Ukraine is a land of ghosts and legends going back millennia. It is part of the homeland of the original Indo-European languages. It’s been occupied by Rus from the north and by Avars and waves of other Central Asian peoples from the steppes further east. Much of it was occupied by the Mongols of the Golden Horde when Marco Polo and his uncles first showed up at the Genoese trading port of Caffa on the Crimea. It’s always been a tough but dynamic neighborhood.
I had both the privilege and dumb luck of showing up in Ukraine just when the new government was taking up reform of its entire antitrust apparatus. This was 2019. The protagonist of the television series “Servant of the People,” Volodymyr Zelensky, handily won the election for president that year. The new Servant of the People party then secured an absolute majority in the Rada, the parliament. My few colleagues and I had the privilege of being radniki (advisors) working with the competition authorities.
How does one embed a robust caselaw process in a system that operates out of a civil code tradition? The former decentralizes the development of competition law. The latter invests the central authorities with more capacity to dictate outcomes.
Two years on, the reform legislation has had much fitful progress, and hopefully recent events will not frustrate ultimate success. That said, parties outside of competition policy may continue to look to competition policy to do more than it really can be engineered to do. Some observers in the West maintain the conceit that competition policy can somehow induce the “deoligarchization” of the economy.
One can only speculate about what the next few weeks and months will yield. Will Russian adventurism formalize the de facto secession of oblasti (provinces) in the east? Do the Russians have a bigger project in mind, the “Findlandization” of Ukraine? Do the Russians really have the financial capacity to put up with a protracted campaign? Are they hoping that a single round of shock-and-awe can achieve their objectives on the cheap?
Here's another comparison: Prague 1968. The Soviets rolled in and imposed regime change. The new regime proved to be robust and lasted another 20-some years, because there had been much internal support for it. But, what if there really isn’t much internal support in Ukraine for a pro-Russian regime? Could such a regime really expect to hold on? Hence the motivation for Prague-light, a kinder, gentler Finlandization.

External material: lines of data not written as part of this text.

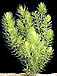 Hornwort, Ceratophyllum demersum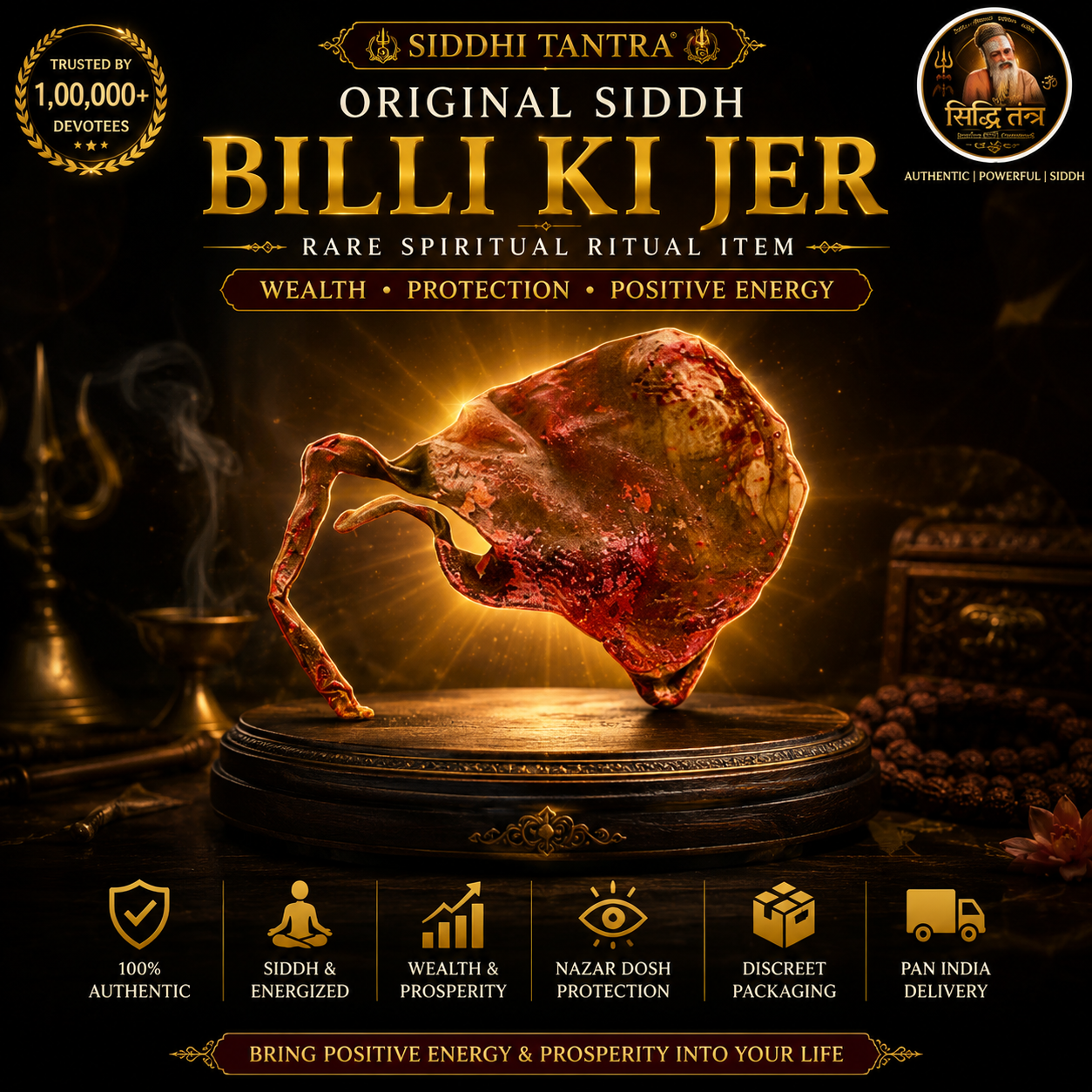 Siddh Billi Ki Jer – Rare Spiritual Ritual Item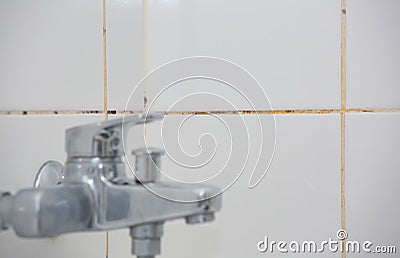 Mold or fungus of the wall in the Shower room causing black or brown mold in the bathroom Stock Photo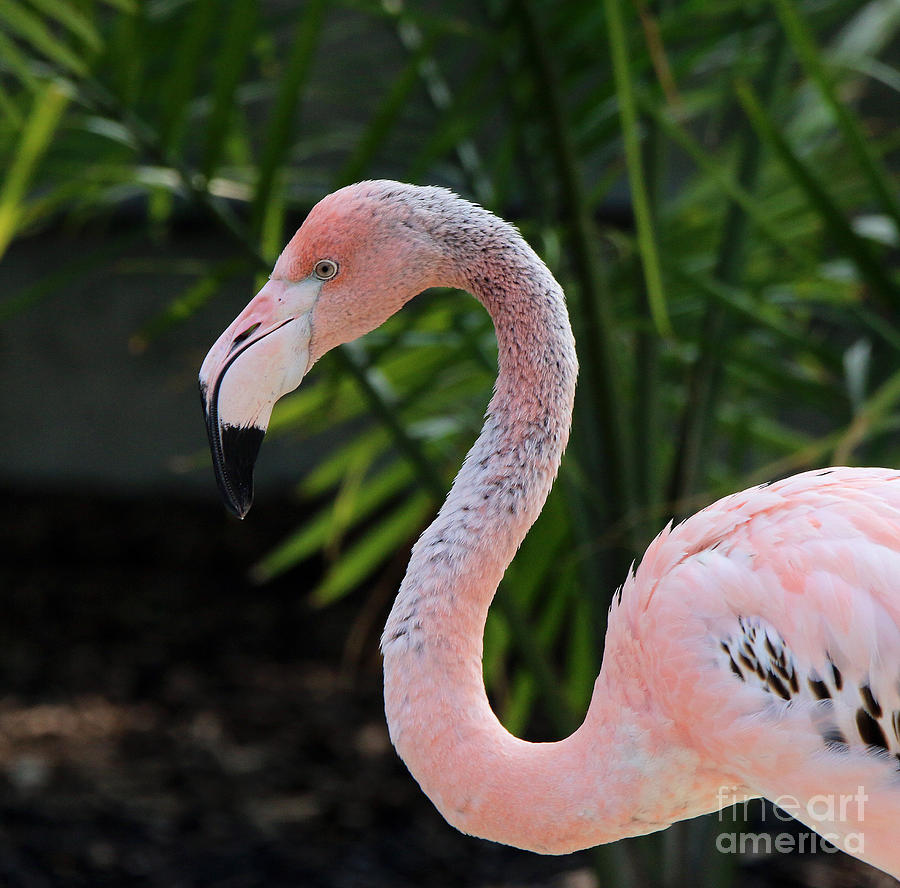 Flamingo 1630 Photograph by Jack Schultz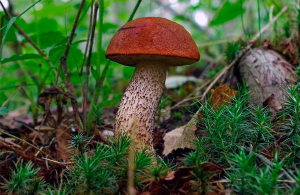 Popular Russian mushrooms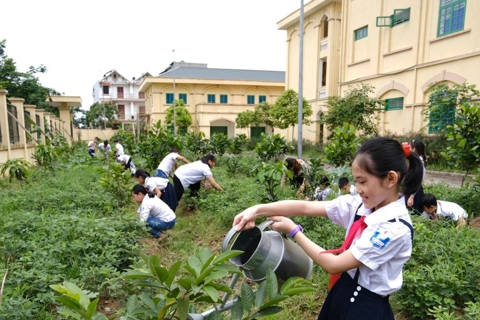 Hanoi takes drastic action against environmental violations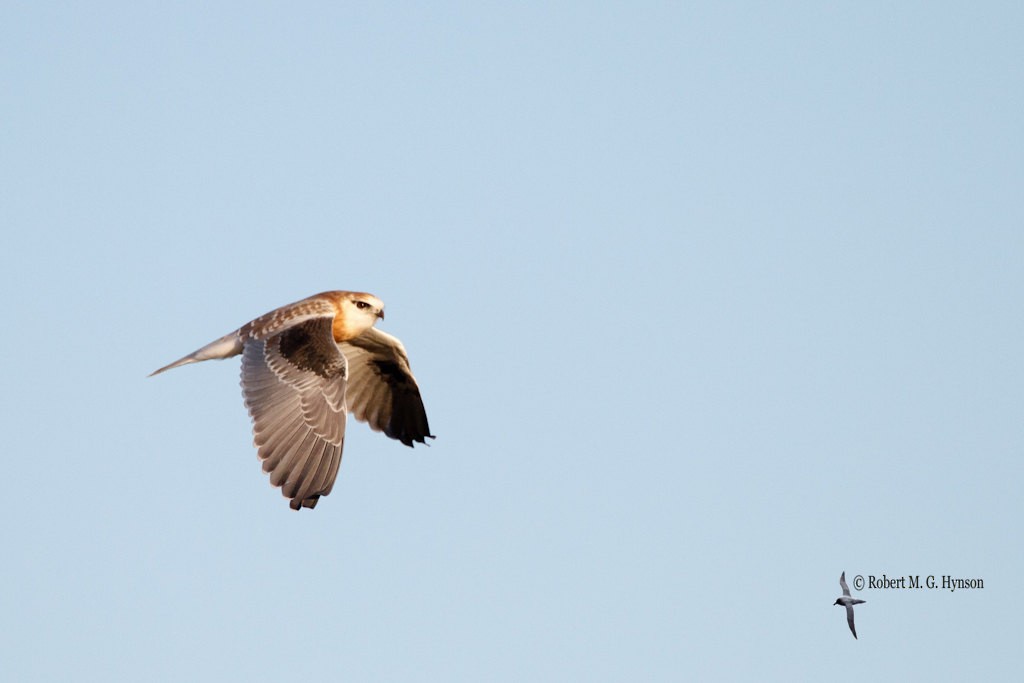 Black-shouldered Kite - ML621291458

I have no answers. Neither does the Biden administration nor any of the talking heads in the EU, NATO, or the television news. But, I certainly do know Ukrainians who share with Vladimir Putin regret over the fall of the Soviet Union. Some of them perceive that Gorbachev basically undermined Soviet empire. A different view would be that the Soviet Union had been disintegrating for some time. Indeed, the CIA had estimated that the economy of the Soviet Union was about half the size of the American economy at the time of its collapse. When the accountants went in to do their numbers, they determined that the Soviet economy was only about one-seventh, 14%, of the American economy. Once again, the CIA got caught not knowing what it was doing. It’s numbers were off by 350%.
Right now, observers report that the Russian economy is about half the size of the British economy. Are they right? Meanwhile, the economies of the entire West, dependent on the opiate that is printed money dressed up as “quantitative easing”, seem as precarious as they’ve been since at least the 1970’s. Who faces imminent collapse now?